One of the grave dangers to genuine democratic reform in any country is judicial activism. When judges of high courts overstep their mandate to merely adjudicate matters of dispute regarding existing laws and instead decided to actively campaign to repeal legally enacted laws or enforcement mechanisms, then a court system is broken and instead of helping enforce the law, it becomes an anti-democratic law unto itself. Judicial activism is common across the world, though it is typically associated with developing countries with fractious democracies. In Pakistan, the Supreme Court has over a period of decades, been accused of judicial activism aimed at various political parties, factions and leaders. In the United States, recent attempts by political rivals of Donald Trump to use the courts in attempts to either weaken his power, shame him or remove him from office have demonstrated that the US, in spite of its wealth, is not immune from those seeking to turn courts from places of balance and fairness into places of activism and politicisation.

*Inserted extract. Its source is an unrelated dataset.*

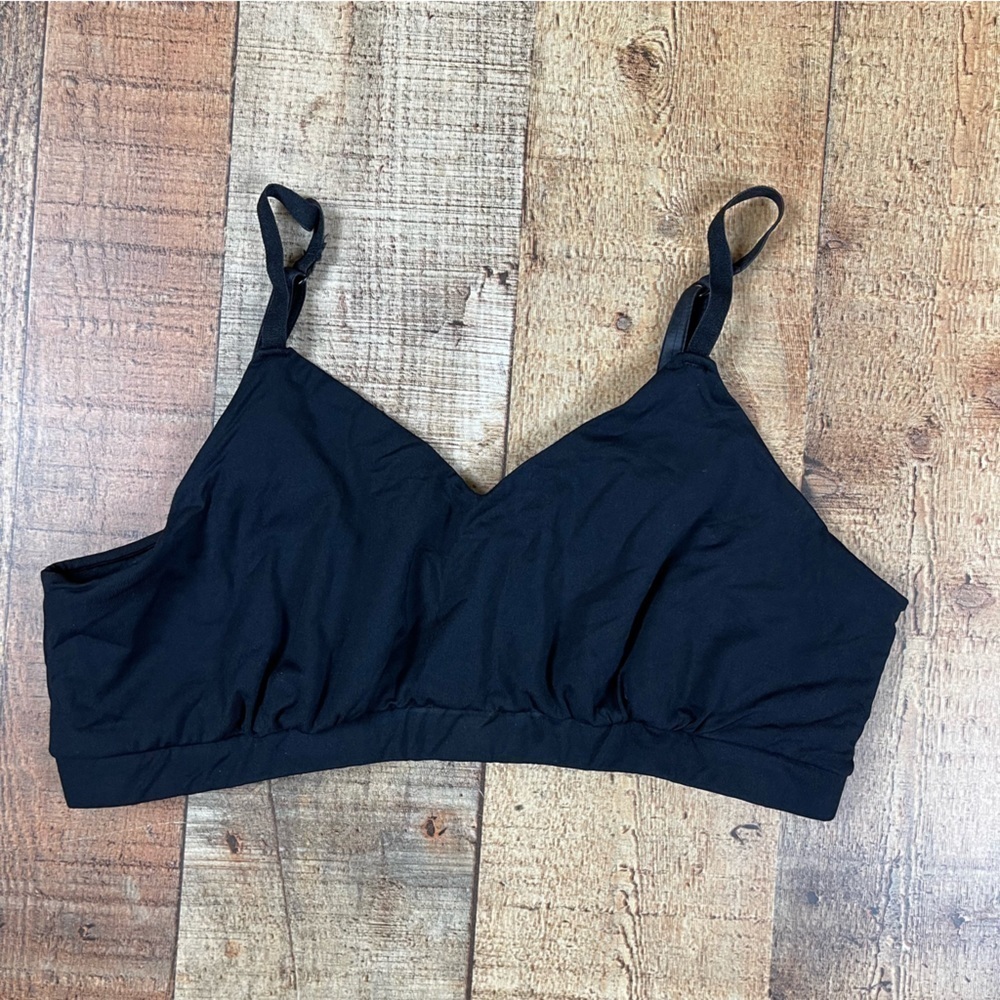 Womens Large Buttery Soft Black Bralette Adjustable Bra Solid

In 2012, the then Philippine President Noynoy Aquino led efforts to impeach Chief Justice Renato Corona, based on the fact that he was appointed within a window of two months before a new Presidential election (the 2010 Philippine Presidential election), at the tail end of Gloria Arroyo’s term. Philippine law prohibits the appointment of new judges within the period between the period beginning with a two month window prior to new elections and the end of the so-called “lame duck” period of an outgoing President’s term. Aquino’s efforts to remove Corona were successful and in May of 2012 he formally ended his two year period as Chief Justice in a move which some said was a politically motivated move against Corona which grossly embellished a little known legal technicality for ideological gain.
Corona’s replacement, the Aquino selected Maria Lourdes Sereno has been more controversial than the man she was appointed to replace. Sereno has been dogged by allegations of irregularities regarding tax and expenses information. Additionally, Sereno was found to have obtained her position unlawfully due to failing to comply with official requirements when she applied for her position in-line with rules from the Judicial and Bar Council (JBC). While the Philippine House of Representatives moved to formally impeach her, the Supreme Court itself made the first move and today ended Sereno’s tenure on the court, effective immediately.

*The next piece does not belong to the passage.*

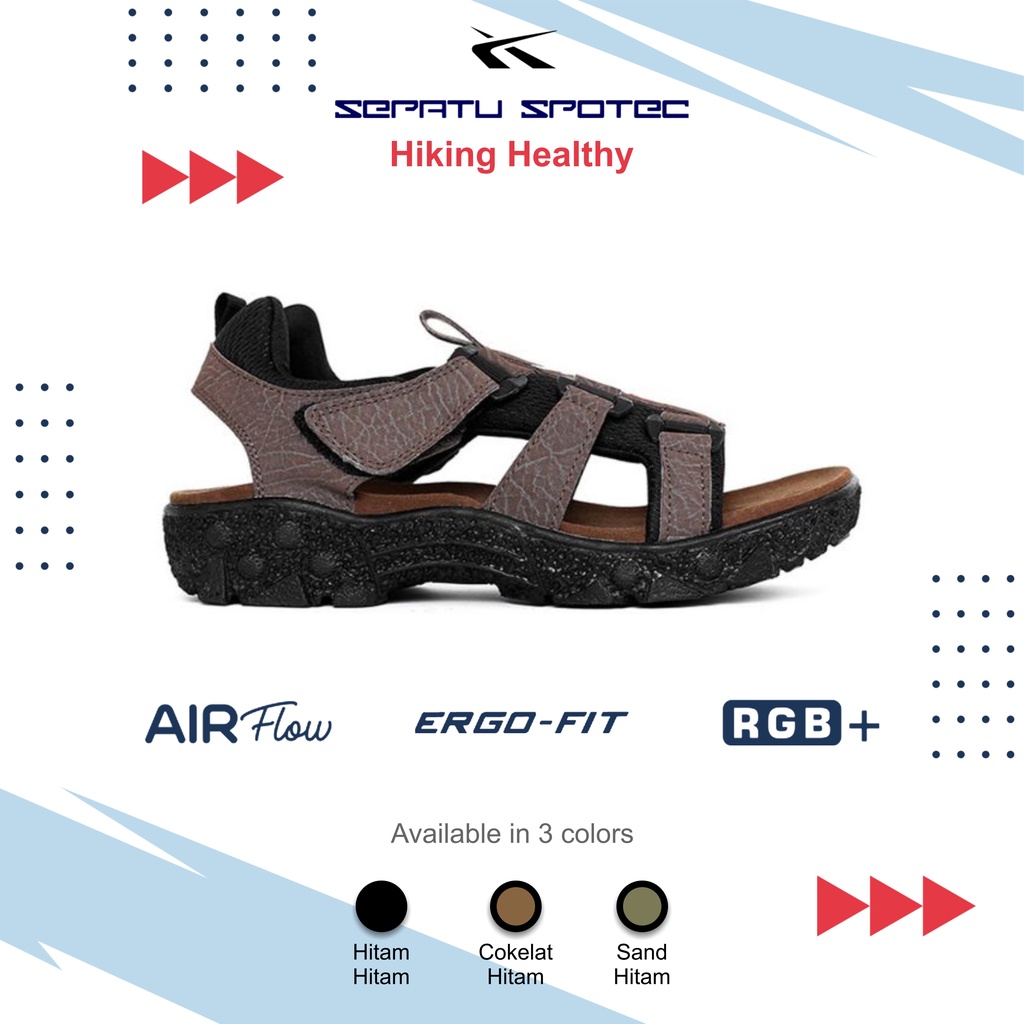 SPOTEC Sandal Hiking HEALTHY Coklat - Hitam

While it is clear enough that Maria Lourdes Sereno is a highly corrupt individual whose lavish lifestyle raised questions about her financial ethics, the most worrisome element of Sereno’s judicial career was her penchant for intervening in the political affairs of the nation.
Sereno, from her position as Chief Justice frequently issued statements condemning President Rodrigo Duterte’s war on drugs. This represented a clear dereliction of duty and was a grave danger to the democratic health of the country. In a normal environment, judges of any high court must automatically recuse themselves from making controversial comments on political or policy matters while behind the judicial bench. To do otherwise, represents judges trying to use their influence and power to intimidate law enforcement into mutinying against the orders they are issued from policy markers and elected officials, including the President.
The result of this judicial activism if left unchecked is a situation of anarchy where the President is saying one thing and the chief justice saying another thing so as to undermine the President, ordinary law enforcement officers and the public. When this happens, nobody knows who is in charge of what and every faction can individually pick whichever leader whose laws they wish to obey. Such a situation is not conducive to public safety or economic growth.
Judges like Sereno are not supposed to be public figures who make or comment on policy outside of the court room. If this were the case, there would be no need to separate judicial power from executive and legislative power. Sereno violated the trust of the country as well as the letter of the very laws she was supposed to enforce by taking it upon herself to act as a rival of the democratically elected head of state and governmental executive.
The fact that she felt she could get away with it is a further sign that The Philippines is in need of drastic reform in terms of governance. While The Philippines considers switching from a corrupt and confrontational presidential system to a federal-parliamentary system (or some combination thereof), judicial reform should also be on the table.
What is even more hypocritical than Sereno herself is the broken political environment she came out of. While Liberal President Noynoy Aquino vocally led a charge to remove Sereno’s predecessor for having unlawfully obtained his office, today, the Liberal party is racing towards Sereno’s defence even though she has now been removed for many of the same reasons that her predecessor Renato Corona was removed for.
The sad reality is that behind the double-standards lies a Liberal establishment that is more concerned with obstruction, corruption, egotism and political conflict than with helping Predient Duterte to establish a clean government that cleans up the streets from the biggest threat to peace and freedom in The Philippines – the rampant use of, trafficking of and selling of dangerous drugs.
A federal parliamentary system would allow politics the Philippines to better reflect the incredibly high levels of popularity for Rodrigo Duterte and would end the culture of mischief and obstruction that is at this time, the only thing the Liberals and their allies stand for. This should be accompanied with judicial reform that allows no space for any judicial activism or lawlessness among egotistic judges like Sereno.